Sunday, Jan. 14, 2007:

I've been reading a bit about the latest theories cooked up by the cosmologists. These brainy folks peer at distant galaxies and attempt to understand the origins and eventual fate of the universe in which we live. Since they can't visit distant galaxies, their observations are, of necessity, limited in scope. Large deductions have to be made based on the slimmest shreds of evidence.

Based on the best available evidence, it appears that galaxies aren't spinning the way they ought to. This is deduced from a well-known phenomenon called the red shift, which enables you to measure the velocities of stars by looking at the light coming from them.

Galaxies spin, rather than flying apart, because of gravitation. The stars in a galaxy all orbit the center of mass of the galaxy. The relationship of orbital speed to the mass of the object being orbited is well understood, because we've been able to study our own solar system in considerable detail. The details are embodied in a formula called Kepler's Third Law of Motion. Kepler figured out why, or at least described how, the outer planets orbit more slowly than the inner planets.

Trouble is, the stars in distant galaxies don't seem to be obeying Kepler's Third Law. The stars farther from the center of the galaxies ought to be travelling more slowly than those near the center, because they're further from the galaxy's center of mass -- but that's not what the red shift indicates. In many cases, the stars at the outer edges of galaxies seem to be travelling much too fast.

This would happen if the galaxy were actually a lot larger than it seems to be. If the outer stars were orbiting within much of the aggregate mass of the galaxy, they would behave as they seem to be behaving.

By measuring the total amount of light coming from a galaxy and making certain assumptions about the average mass of individual stars, astronomers can figure out how much mass there ought to be in a distant galaxy. Trouble is, they're not seeing nearly enough mass, nor is what they're seeing spread out enough.

The solution that has been proposed is something called "dark matter." Without getting too deep into particle physics (if you care about this topic at all, you probably know a lot more about it than I do), the idea is that the universe contains quite a lot of elementary particles called Weakly Interacting Massive Particles (or WIMPs, for short). These particles could be passing through your body in droves right now, and you'd never know it, because they don't interact. They don't reflect light, they don't have an electrical charge, they can pass through ordinary atoms as if the atoms weren't even there.

But the WIMPs have mass, so they respond to gravity, and they attract other, ordinary matter by means of gravity.

If a galaxy were surrounded by a halo of this dark matter, the mystery of how it spins would be solved. Galaxies may be composed of between 50% and 80% dark matter. Or at least, that's the theory.

This theory reminds me a bit of phlogiston. Phlogiston was an invisible substance proposed by physicists a couple of hundred years ago in order to explain combustion. The idea was that objects that could burn had phlogiston in them, and when they were burned the phlogiston escaped. The existence of phlogiston was supported by the fact that if you carefully weighed the ashes after burning something, you'd find that they weighed less than the original unburned substance had. Clearly, that was because the phlogiston was gone.
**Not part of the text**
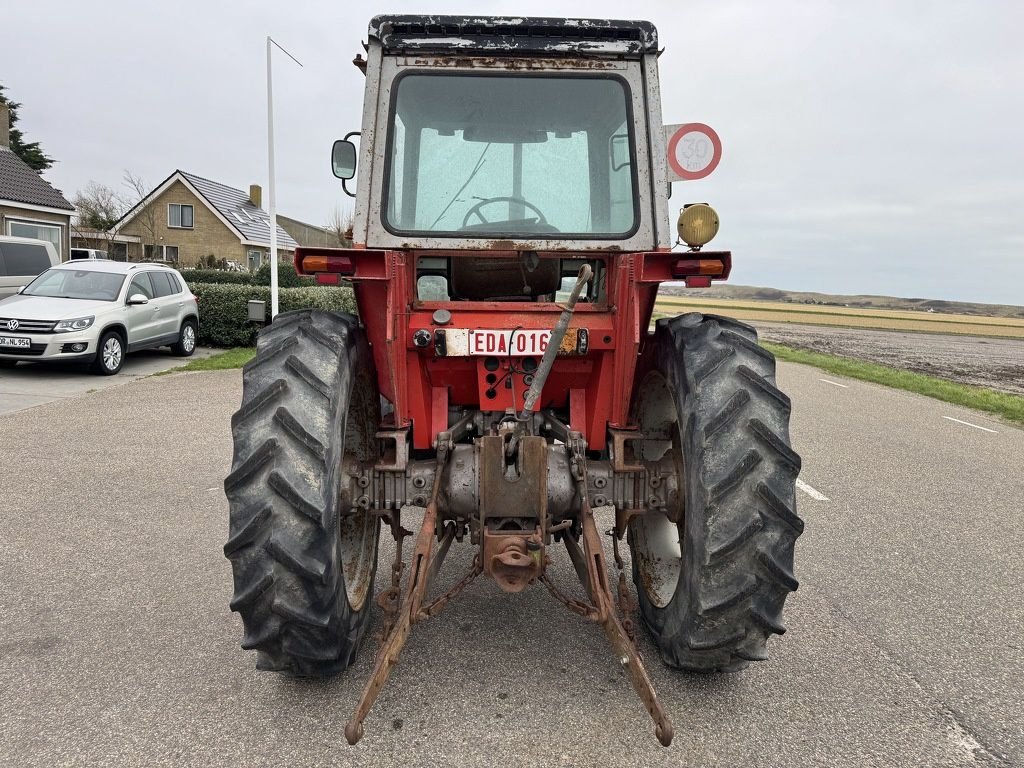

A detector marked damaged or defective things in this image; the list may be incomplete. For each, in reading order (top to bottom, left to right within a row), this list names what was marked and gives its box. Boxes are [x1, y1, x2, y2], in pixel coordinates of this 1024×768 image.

rusty metal [346, 444, 450, 744]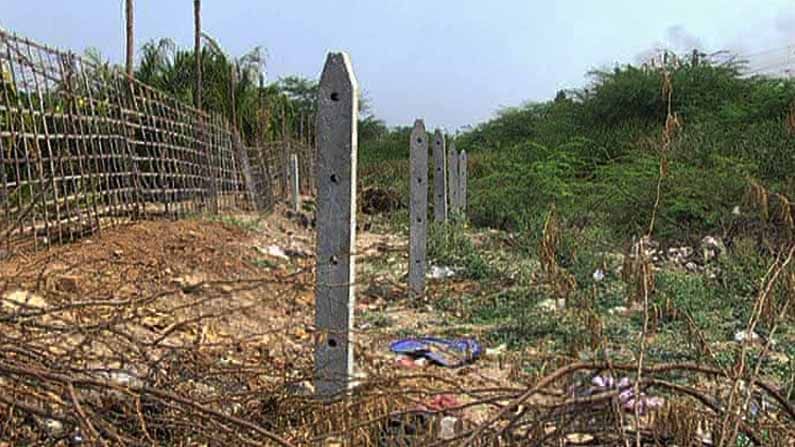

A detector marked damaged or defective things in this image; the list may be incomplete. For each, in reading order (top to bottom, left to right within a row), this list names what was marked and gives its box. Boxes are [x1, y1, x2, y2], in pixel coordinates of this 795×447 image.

rusted wire mesh fence [0, 30, 310, 256]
But then (I'm dredging up a 40-year-old memory here, and may have the details wrong) it was discovered that a few things were heavier after they were burned than before. Today we understand that this is because the process of burning created new chemical compounds that bonded atmospheric oxygen in solid form. But in the 18th century, physicists had to scramble to explain how phlogiston could sometimes weigh less than nothing.
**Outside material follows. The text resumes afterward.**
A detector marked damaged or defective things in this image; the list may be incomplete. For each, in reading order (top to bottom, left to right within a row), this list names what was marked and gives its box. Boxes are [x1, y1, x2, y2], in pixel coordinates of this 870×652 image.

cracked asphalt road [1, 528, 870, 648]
When modern chemistry was born, the phlogiston theory passed into history. But I can't help thinking dark matter is the 21st century equivalent of phlogiston. It's an invisible substance that's proposed in order to account for phenomena that are observed but poorly understood.

So I asked myself (this is the kind of thing my brain comes up with when it's the middle of the night and I'm wide awake), if our own galaxy were embedded in a halo of dark matter particles, what would be the visible result?
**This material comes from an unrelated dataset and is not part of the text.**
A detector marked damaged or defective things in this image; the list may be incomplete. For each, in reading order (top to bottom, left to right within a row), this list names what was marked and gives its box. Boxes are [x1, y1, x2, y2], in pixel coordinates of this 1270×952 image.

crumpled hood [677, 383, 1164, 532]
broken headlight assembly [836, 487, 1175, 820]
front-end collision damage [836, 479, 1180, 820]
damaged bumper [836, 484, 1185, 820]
To begin with, these particles have to be responding to gravitation. If they weren't, they'd fly serenely away. The whole universe would be full of a uniformly distributed "fog" of dark matter. Because it was uniformly distributed, its effects would cancel out, and its existence would be undetectable and explain nothing. The whole point of the theory is that dark matter congregates around galaxies (or else, that galaxies form where dark matter is already congregating, which amounts to much the same thing).

Individual WIMPs, therefore, have velocities that are less than the escape velocity of the galaxy around which they orbit. We don't know what their average velocity may be, but the escape velocity of the galaxy is an upper limit.

As they whiz around and through a galaxy, some of them will pass close to individual stars. At that point, those whose velocity is less than the escape velocity of the star will be drawn into an orbit around the star. I don't know much about orbital dynamics, but I have the impression that the gravity of a planet can cause a "braking effect" on a smaller body, drawing the smaller body into an orbit around the star that the planet orbits. So a particle that might otherwise enter a star's gravitational field, whiz through it, and exit on the other side may sometimes be sucked in and kept because it happens to pass close to a planet.

Over the course of billions of years, then, we should expect that a significant percentage of the dark matter in a galaxy would come to reside in invisible halos around individual stars, just as it's hypothesized to reside in halos around galaxies.

But there's a problem here: If there were a halo of dark matter around the Sun, Kepler never would have been able to formulate his Third Law, because the orbits of the outer planets would have been affected by the gravitational field of the halo. They would be orbiting faster than they're observed to orbit.

I'm just a layman, but it seems to me that at this point the theory of dark matter shoots itself in the foot. Dark matter is presumed to exist in the galaxy, but is also presumed not to exist in the neighborhood of the Sun.

Phlogiston, anyone?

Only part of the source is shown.